Rob, you said something in one episode that stuck with me – that when you leave a writer’s room or something, you kind of know exactly what you’ve created, and you feel an element of control. Of course with sports ownership the whole project with Wrexham is the opposite. You put what you have on the field and whatever happens, happens. I wonder if there were any problems for either of you with that dynamic, the lack of control.
McElhenney: The truth of the matter is that you go into any creative or artistic endeavor and you have an idea of what it could be in your head. And then you listen to the project as you go, because you work with several parties in a good collaboration. So things can change, and you can turn, but you still feel like you can lead it down the road in the right direction to where in the end you may not have achieved exactly what you set out to do, but you have at least some control over how it ends. And here you can get it to the finish line, but in the end there is an objective reality. There is no subjective reality. You either won or you lost. You’ve been promoted, you’ve been relegated or you’re stuck. It is very very difficult, although I will say that it is also part of the excitement. Some of it is just the unknown. We just do our best, hope for the best and then it’s just up to the football gods.
Reynolds: That’s really what makes it so poignant to me. You can do the best you can to put the best possible team on the field, but at the end of the day anything can happen in sports. I really believe that when you’re making films – every film I’ve done that didn’t really do, or that misfired in a creative sense, there was one common denominator: we didn’t listen to the film. You have to listen to the film because if you listen to it, it will talk to you and tell you things. If you just say “no no, it’s not in the script and we’re just shooting the script,” you’re going to end up in some pretty precarious positions. And running a football club is no different. It talks to us constantly as we go, and we listen to it as best we can every minute of every day. That’s kind of what makes it a bit of a tightrope walk, it’s this ever-evolving thing where anything can happen. It’s magic.
There has been an influx of football documentaries in recent years – Sunderland Til I Die, the All or Nothing series, all those docs. How many of those documents did you consume, and how much or little influence did those films have on the making of your own documentary?

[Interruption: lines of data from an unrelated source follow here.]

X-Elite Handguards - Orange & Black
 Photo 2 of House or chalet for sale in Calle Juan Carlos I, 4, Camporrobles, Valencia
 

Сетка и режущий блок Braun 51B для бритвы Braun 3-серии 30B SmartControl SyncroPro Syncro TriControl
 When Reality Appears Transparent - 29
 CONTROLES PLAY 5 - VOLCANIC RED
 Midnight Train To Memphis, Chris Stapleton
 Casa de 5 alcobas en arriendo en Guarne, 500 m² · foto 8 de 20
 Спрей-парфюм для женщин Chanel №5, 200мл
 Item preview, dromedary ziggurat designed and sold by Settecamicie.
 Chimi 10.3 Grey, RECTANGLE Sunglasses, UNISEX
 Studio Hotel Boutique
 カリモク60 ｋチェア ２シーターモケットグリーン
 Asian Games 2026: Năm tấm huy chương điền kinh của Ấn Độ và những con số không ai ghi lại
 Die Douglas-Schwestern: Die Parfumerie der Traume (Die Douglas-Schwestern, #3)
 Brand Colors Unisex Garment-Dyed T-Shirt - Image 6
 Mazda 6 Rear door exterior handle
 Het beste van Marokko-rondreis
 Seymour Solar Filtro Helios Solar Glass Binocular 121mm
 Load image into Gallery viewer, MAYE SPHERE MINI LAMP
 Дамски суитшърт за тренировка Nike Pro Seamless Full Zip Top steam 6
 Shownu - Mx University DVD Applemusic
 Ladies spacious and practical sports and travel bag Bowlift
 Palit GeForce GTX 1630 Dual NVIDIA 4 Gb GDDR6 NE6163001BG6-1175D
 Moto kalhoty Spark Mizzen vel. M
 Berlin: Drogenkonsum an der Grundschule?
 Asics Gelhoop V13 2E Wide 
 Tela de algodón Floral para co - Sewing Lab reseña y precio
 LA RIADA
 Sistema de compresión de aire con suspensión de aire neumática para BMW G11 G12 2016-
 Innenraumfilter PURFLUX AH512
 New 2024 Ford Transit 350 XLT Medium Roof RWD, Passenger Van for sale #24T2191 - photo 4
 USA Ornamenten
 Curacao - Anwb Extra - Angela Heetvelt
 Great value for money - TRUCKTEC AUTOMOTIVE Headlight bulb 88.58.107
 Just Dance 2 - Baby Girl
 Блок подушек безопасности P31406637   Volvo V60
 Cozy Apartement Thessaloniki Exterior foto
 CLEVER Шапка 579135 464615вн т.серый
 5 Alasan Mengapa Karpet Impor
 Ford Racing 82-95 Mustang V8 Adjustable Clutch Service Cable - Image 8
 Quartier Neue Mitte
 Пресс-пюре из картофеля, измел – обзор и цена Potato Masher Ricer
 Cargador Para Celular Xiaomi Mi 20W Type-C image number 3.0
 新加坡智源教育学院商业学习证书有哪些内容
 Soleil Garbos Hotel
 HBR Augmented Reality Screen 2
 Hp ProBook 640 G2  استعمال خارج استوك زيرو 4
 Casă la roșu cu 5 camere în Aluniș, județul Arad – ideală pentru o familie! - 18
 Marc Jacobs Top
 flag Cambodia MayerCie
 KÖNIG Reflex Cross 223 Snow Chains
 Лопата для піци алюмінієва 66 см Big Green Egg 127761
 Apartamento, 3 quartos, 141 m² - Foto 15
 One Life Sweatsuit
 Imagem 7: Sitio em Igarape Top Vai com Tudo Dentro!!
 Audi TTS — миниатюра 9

McElhenney: I’ve always been a massive, massive fan of sports documentaries. I have seen every episode of “30 for 30” multiple times. I will watch anything, any story well told. It’s so great when you can find a sports documentary, specifically one about, maybe a sport you might not care about. Any story well told transcends its subject. So I’ve watched and seen so many different sports documentaries. (“F1: Drive to Survive”) is a good example. I couldn’t care less about cars. I’m not a car guy, it’s not my sport, Formula 1 just wasn’t something I was interested in and now I’m hooked because the storytelling is so good. “30 for 30” was great for that too. I watch everything.
Reynolds: I just watched “In Search of Greatness”. It’s so good. Even if you don’t gravitate towards the sport… F1, I felt exactly the same, but now I know every one of those drivers and the (team principals) and all those guys. You get hooked, and that’s great.